Ferrari 250 GT Ellena

Designed by Pinin Farina, the late-1950s “Boano” and “Ellena” berlinettas are generally considered to be Ferrari’s first series-built grand touring cars. These further developed the Pinin Farina Ferrari theme of simple, elegant lines and proportions with a minimum of brightwork and trim.

Pinin Farina designed their first Ferrari as early as 1952, and by the mid-1950s, they had truly established the Ferrari “look”, as exemplified by the Boano/Ellena GT series. Design cues included the long, low hood and the signature oval radiator opening, traits which by the mid-1950s had secured Principal Ferrari Design House status for the Turin firm.

Eighty-two cars in the first series were built by Carrozzeria Boano. At the end of 1957, Mario Boano left his company to set up Fiat’s styling department, and his son-in-law, Ezio Ellena, took over with Boano’s old partner, Luciano Pollo. Thus, the renamed Carrozzeria Ellena built a further run of 50 Ferrari 250 GTs, now referred to as “Ellena” coupés. Improvements included a two-inch raised roofline, providing more head room and better body proportions, and the adoption of a standard four-speed gearbox shift pattern, larger brakes, a ZF steering system, and the fitment of a single distributor to the engine.

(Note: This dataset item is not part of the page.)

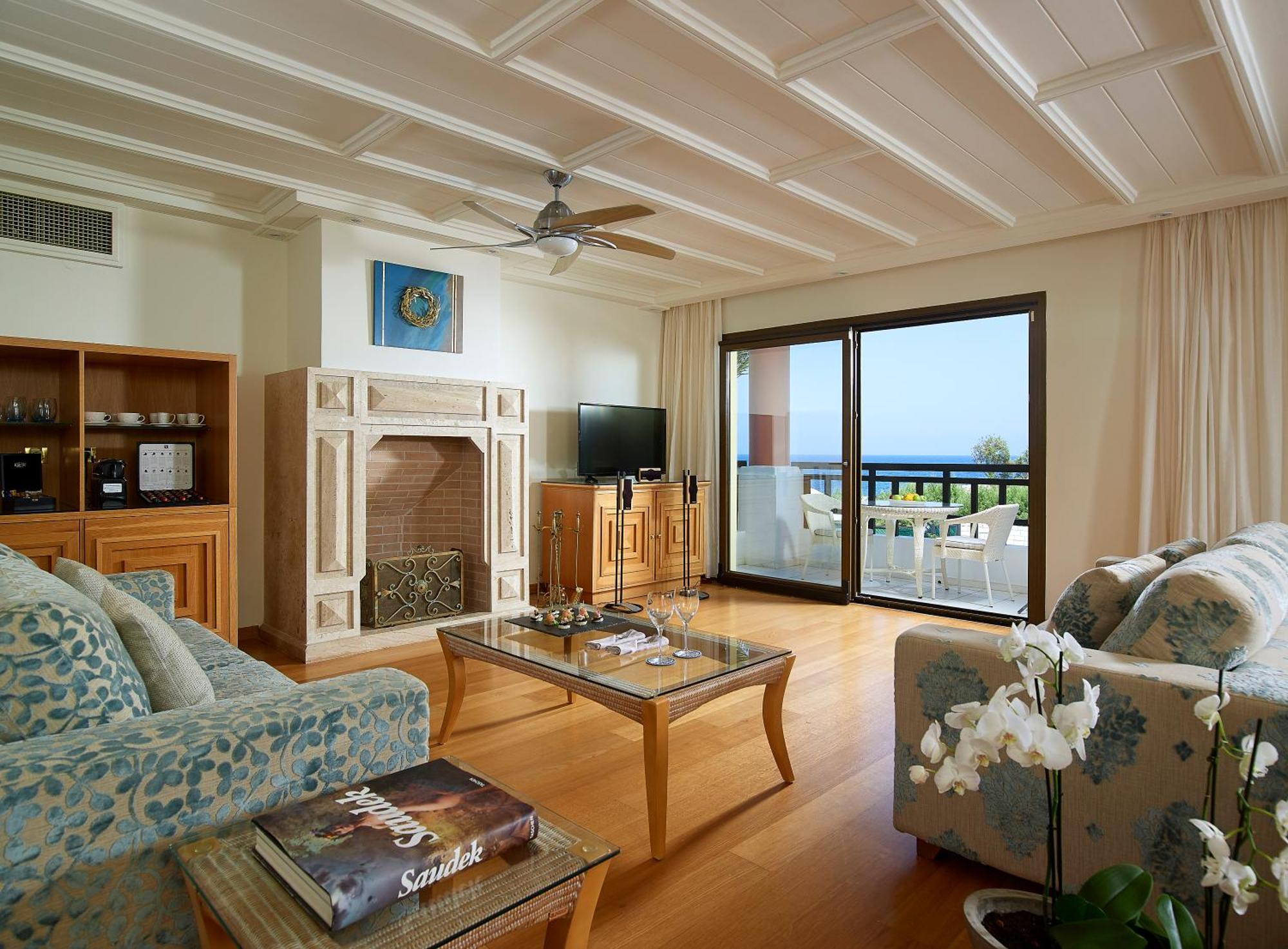 Knossos Royal Resort 5*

As befits a production car, passenger comfort as well as luggage accommodation were much improved from the previous Europa GT model, and panel and trim fit were described in period road tests as “superb”.

Also impressive was the performance provided by the famed Colombo-designed V-12, three-litre engine, which produced between 240 and 290 horsepower depending on its specification. Griffith Borgeson’s complimentary January 1958 Sports Cars Illustrated road test of the Richie Ginther, Lime Rock race-winning 250 GT, which listed for $10,975, called it a “Grand Touring masterpiece—without comparables—except other Ferraris”. In summary, the road test described a perfect blend of racing car performance with the manners and appointments of a luxury automobile. The “perfect seating position, silence at speed, the fully synchronized transmission, engine flexibility, rock-like solidity, predictable handling, and gigantic brakes” further impressed Borgeson, not to mention the styling, which he labelled “contemporary Italian conservative, beautiful without being the least bit gaudy”.

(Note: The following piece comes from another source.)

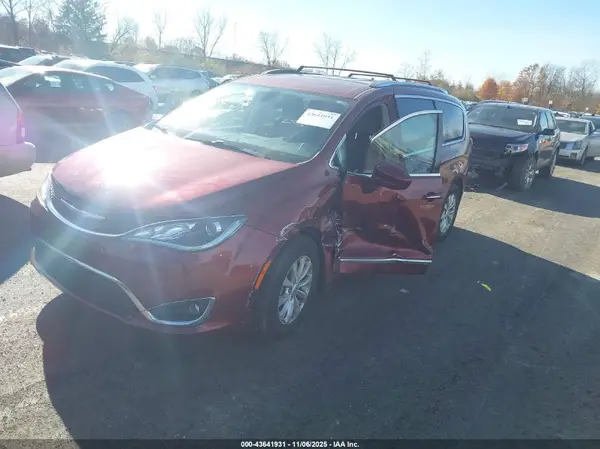 2C4RC1BG3KR625211 2019 CHRYSLER PACIFICA - Image 2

The top speed was listed at 127 to 157 mph, depending on the final drive gear ratio, with the road test car’s 4.57 gears providing a 0–60 mph time of 5.9 seconds. Such performance is not surprising since the mechanical specifications of an Ellena, the engine, gearbox, rear, suspension, brakes, wheels, and tyres, are the same as that of Ferrari’s GT racing car, the Tour de France. Even interior aspects like the steering wheel, instrument panel, gauges, and door hardware were identical to its glamorous sister cars of the period, the “TdF” and the LWB California Spyder, many of which owe their lives today to a donation of vital parts from a Boano/Ellena coupé.

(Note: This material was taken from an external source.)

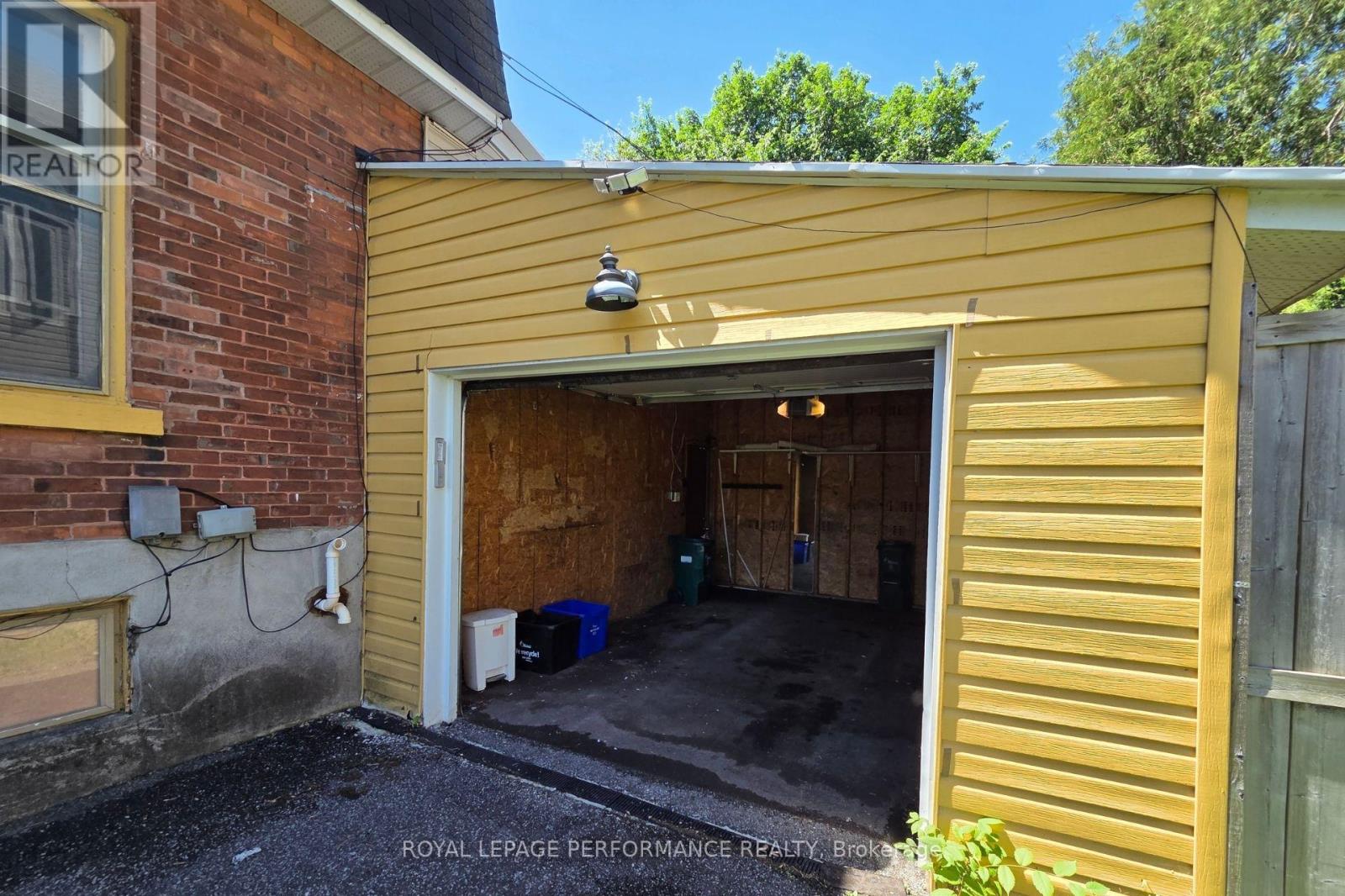 506 WENTWORTH AVENUE - 37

Part of the RM Auctions in London in October, 2012.

250 bhp, 2,953 cc SOHC alloy V-12 engine with triple Weber Type 36 DC13 downdraught carburettors, four-speed synchromesh transmission, front independent suspension with unequal-length wishbones, coil springs and tubular shock absorbers, live rear axle with leaf springs, Houdaille shocks with axle location by twin trailing arms, and four-wheel drum brakes. Wheelbase: 102 in.